SI: E como era essa questão do inglês? Você já falava um pouco? Conseguiu se virar numa boa?
Rafael: Eu fazia inglês há muitos anos, mas ele era bem básico. Antigo, mas básico. Daí eu fiz um intensivo seis meses antes da viagem, uma hora por dia, todos os dias da semana.
SI: Houve melhora depois da viagem?
Rafael: Melhorou, melhorou muito. Principalmente com o emprego da pizzaria porque só tinha americano e isso ajudou a forçar.
SI: Como foi pra você se virar longe de casa? Passou muita dificuldade?
Rafael: Foi muito tranqüilo, você aprende de tudo. Quando eu cheguei, pensei que ia morrer de fome porque nem o fogão eu sabia ligar. Um dia tive que sair na rua para ver se alguém me ensinava. Mas eu fui muito preparado, sabia o que precisava ser feito, as providências que eu tinha que tomar. A minha falava: “o Rafael nunca fez nada, nunca trabalhou, tem a maior vida mansa”. Mas depende muito de você. Cheguei num lugar onde eu não ia ter os recursos do meu pai ou da minha mãe pra cobrir os meus gastos. Então, tive que lutar pelo que eu queria. Correr atrás, preencher vários formulários, fazer milhões de entrevistas...
SI: Sua casa era legal?
Rafael: Eu morava numa casa muito grande: eu e mais 10. Mas a gente não tinha o número de pessoas suficientes pra fazer o depósito inicial de aluguel da casa. Aí, eu e os meus amigos começamos a olhar a internet, Orkut. Acabou que só três eu já conhecia do Brasil, mas acabou virando a maior família.

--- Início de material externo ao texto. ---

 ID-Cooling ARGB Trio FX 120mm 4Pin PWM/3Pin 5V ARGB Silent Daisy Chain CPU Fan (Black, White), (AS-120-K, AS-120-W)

SI: Todo mundo chega cheio de histórias pra contar. Você pode contar uma sua pra gente?
Rafael: Um dia eu saí do trabalho, fiz o que tinha que fazer e saí pra pegar as minhas coisas. Foi quando eu percebi que tinha perdido a minha mochila. Nossa, eu fiquei desesperado porque tinha tudo nela: meus documentos, cartão de crédito, vários pay checks - porque eu demorava muito pra descontar – tudo que era importante. Aí liguei pra polícia, botei todo mundo do lugar pra procurar, mobilizei a maior galera por conta da mochila. Fui pra casa desolado. Quando eu chego no meu quarto ela tava lá, em cima da minha cama. Eu nem tinha levado. Nossa, eu abraçava ela, beijava. Parecia um tesouro. [risos]
SI: Cada intercambista sai do Brasil com objetivos diferentes. E os seus? Foram alcançados, ampliados?
Rafael: A maioria foi ampliada. Eu não esperava ser tão excepcional como foi. Esperava apenas uma viagem de férias, mas acabou sendo tão empolgante, com tantas amizades... eu ganhava bem e estava sempre de bom humor. Eu não imaginava que seria capaz de tanto. E por ter sido tão maravilhoso, eu já cheguei no Brasil com a idéia de voltar. Mas esse ano com expectativas maiores, de sair de lá e puxar um curso na Espanha.
SI: E a grana? Deu pra juntar, pra fazer o que você pretendia?
Rafael: Você não ganha esse dinheiro, você trabalha por ele, acorda cedo, trabalha às vezes 16, 18 horas por dia. Minha folga era só na segunda-feira, aquele dia que ninguém quer de folga. É muito esforço, mas muito compensador.